Histogram overlays for “Yes” and “No” trials

Code 
# Blank histogram (note argument lty = 'blank', col = "white" to make bars
# invisible)
hist(g$rt, breaks = seq(275, 1400, by = 20), lty = 'blank', col = "White",
     main = '', xlab = "Reaction time (ms)")

# Add histogram for Yes trials
hist(g$rt[g$yesno == 1], breaks = seq(275, 1400, by = 20),
     add = TRUE, col = rgb(0, 1, 0, 0.5))

# Add histogram for No trials
hist(g$rt[g$yesno == 2], breaks = seq(275, 1400, by = 20),
     add = TRUE, col = rgb(1, 0, 0, 0.5))


Density overlays for “Yes” and “No” trials.

Code 
# Blank histogram (note argument lty = 'blank')
hist(g$rt, breaks = seq(275, max(d$rt) + 50, by = 20), freq = FALSE, lty = 'blank', 
     col = "white", main = '', xlab = "Reaction time (ms)")
# Add density for Yes trials
dens_yes <- density(g$rt[g$yesno == 1])
polygon(dens_yes, col = rgb(0, 1, 0, 0.5))

# Add density for No trials
dens_no <- density(g$rt[g$yesno == 2])
polygon(dens_no, col = rgb(1, 0, 0, 0.5))

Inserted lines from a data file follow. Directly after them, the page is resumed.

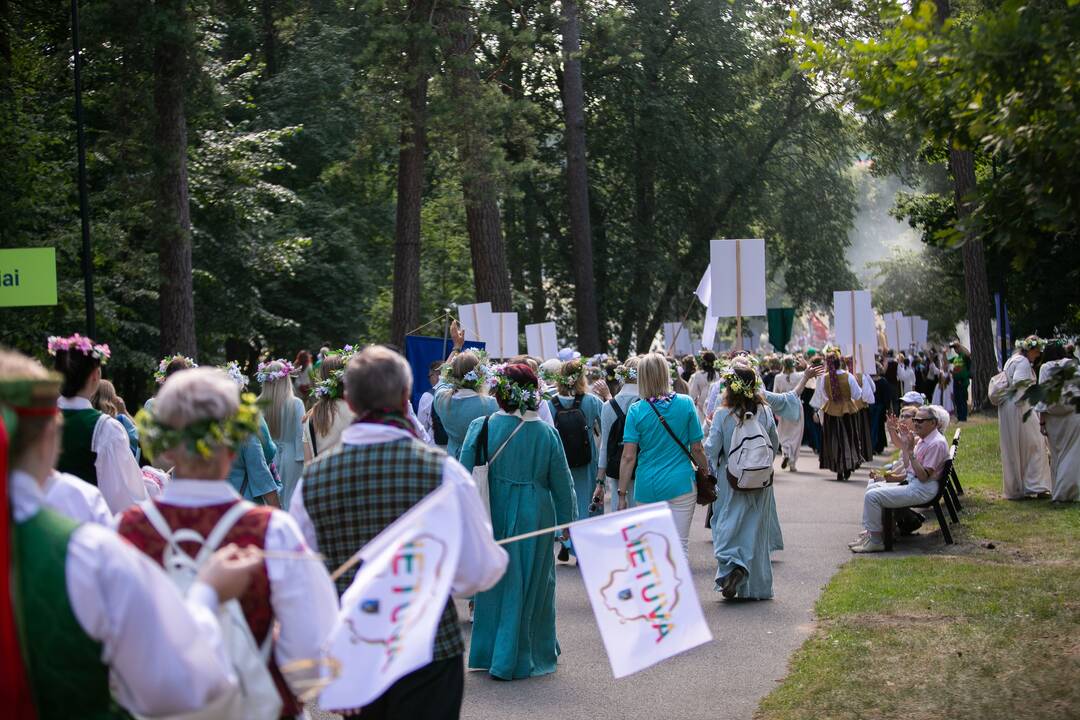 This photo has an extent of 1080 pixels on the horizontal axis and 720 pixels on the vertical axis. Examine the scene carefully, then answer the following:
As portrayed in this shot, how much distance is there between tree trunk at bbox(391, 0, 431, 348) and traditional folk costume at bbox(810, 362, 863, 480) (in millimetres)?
6964

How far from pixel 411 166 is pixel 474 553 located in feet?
62.8

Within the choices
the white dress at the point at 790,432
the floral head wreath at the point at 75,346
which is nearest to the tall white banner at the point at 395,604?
the floral head wreath at the point at 75,346

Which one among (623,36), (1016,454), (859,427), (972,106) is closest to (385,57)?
(859,427)

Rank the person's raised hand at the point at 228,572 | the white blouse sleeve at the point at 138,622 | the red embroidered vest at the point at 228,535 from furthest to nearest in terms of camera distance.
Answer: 1. the red embroidered vest at the point at 228,535
2. the person's raised hand at the point at 228,572
3. the white blouse sleeve at the point at 138,622

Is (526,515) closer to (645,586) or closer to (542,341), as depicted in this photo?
(645,586)

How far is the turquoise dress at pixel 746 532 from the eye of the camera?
11.0 meters

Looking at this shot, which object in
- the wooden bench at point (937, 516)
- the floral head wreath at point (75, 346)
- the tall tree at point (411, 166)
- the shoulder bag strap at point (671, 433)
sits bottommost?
the wooden bench at point (937, 516)

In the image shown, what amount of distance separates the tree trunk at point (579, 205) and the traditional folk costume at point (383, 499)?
27782 mm

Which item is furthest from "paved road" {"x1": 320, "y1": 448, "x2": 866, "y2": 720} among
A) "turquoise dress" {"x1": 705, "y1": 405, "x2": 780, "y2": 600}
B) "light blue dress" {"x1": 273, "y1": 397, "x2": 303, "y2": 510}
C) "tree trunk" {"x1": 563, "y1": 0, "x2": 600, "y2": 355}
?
"tree trunk" {"x1": 563, "y1": 0, "x2": 600, "y2": 355}

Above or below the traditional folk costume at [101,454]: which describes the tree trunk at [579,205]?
above

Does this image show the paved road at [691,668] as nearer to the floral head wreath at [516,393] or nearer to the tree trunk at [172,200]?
the floral head wreath at [516,393]

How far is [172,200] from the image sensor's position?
21.5 metres

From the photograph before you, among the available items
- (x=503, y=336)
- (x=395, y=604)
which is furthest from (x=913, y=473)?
(x=395, y=604)

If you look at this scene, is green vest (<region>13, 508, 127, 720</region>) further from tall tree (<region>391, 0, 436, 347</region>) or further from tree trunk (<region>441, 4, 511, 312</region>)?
tree trunk (<region>441, 4, 511, 312</region>)
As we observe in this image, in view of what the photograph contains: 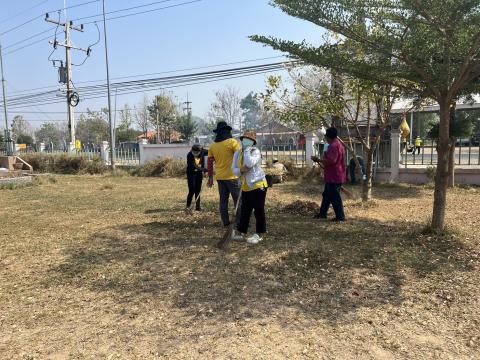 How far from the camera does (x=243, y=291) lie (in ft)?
13.9

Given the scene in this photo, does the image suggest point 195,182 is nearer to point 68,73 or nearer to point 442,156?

Below some descriptive statistics for the 5-item list and No-trials (red density curve above)

Boxplot

Code 
x <- g$rt[g$yesno == 2]  # Put data in vector called x, to simplify things
boxplot(x)
mtext("5-item list, No-trials", 3, line = 0.5) # Add heading

Quantiles

Code 
summary(x)  # Give five point summary, including quartiles
   Min. 1st Qu.  Median    Mean 3rd Qu.    Max. 
  530.0   630.0   665.0   691.2   735.0  1250.0

Central tendency (or Location)

Code 
# Mean
m <- mean(x, na.rm = TRUE)
m_rmout <- mean(x[x < 900], na.rm = TRUE) # Remove values > 900 ms

# Median
mdn <- median(x, na.rm = TRUE)
mdn_rmout <- median(x[x < 900], na.rm = TRUE) # Remove values > 900 ms

location <- c(m = m, m_rmout = m_rmout, mdn = mdn, mdn_rmout = mdn_rmout)
round(location, 1)
        m   m_rmout       mdn mdn_rmout 
    691.2     674.2     665.0     660.0

Variation (or Dispersion or Scale)

Code 
# Standard deviation
std <- sd(x, na.rm = TRUE)
std_rmout <- sd(x[x < 900], na.rm = TRUE) # Remove values > 900 ms

# Inter-quartile range
iqr <- IQR(x, na.rm = TRUE)
iqr_rmout <- IQR(x[x < 900], na.rm = TRUE) # Remove values > 900 ms

# Median absolute deviation
# NOTE: default for mad() is with correction factor
mad <- mad(x, na.rm = TRUE)
mad_rmout <- mad(x[x < 900], na.rm = TRUE) # Remove values > 900 ms

dispersion <- c(std = std, std_rmout = std_rmout, 
                iqr = iqr, iqr_rmout = iqr_rmout,
                mad = mad, mad_rmout = mad_rmout)
round(dispersion, 1)
      std std_rmout       iqr iqr_rmout       mad mad_rmout 
    116.1      75.3     105.0      92.5      81.5      74.1



4.3 Transformations

Linear transformations

Linear transformations changes the mean or the standard deviation or both of a set of values but will preserve the shape of the distribution of values. A kernel density plot would therefore have the same shape for a distribution of values as for a linear transformations of the same values.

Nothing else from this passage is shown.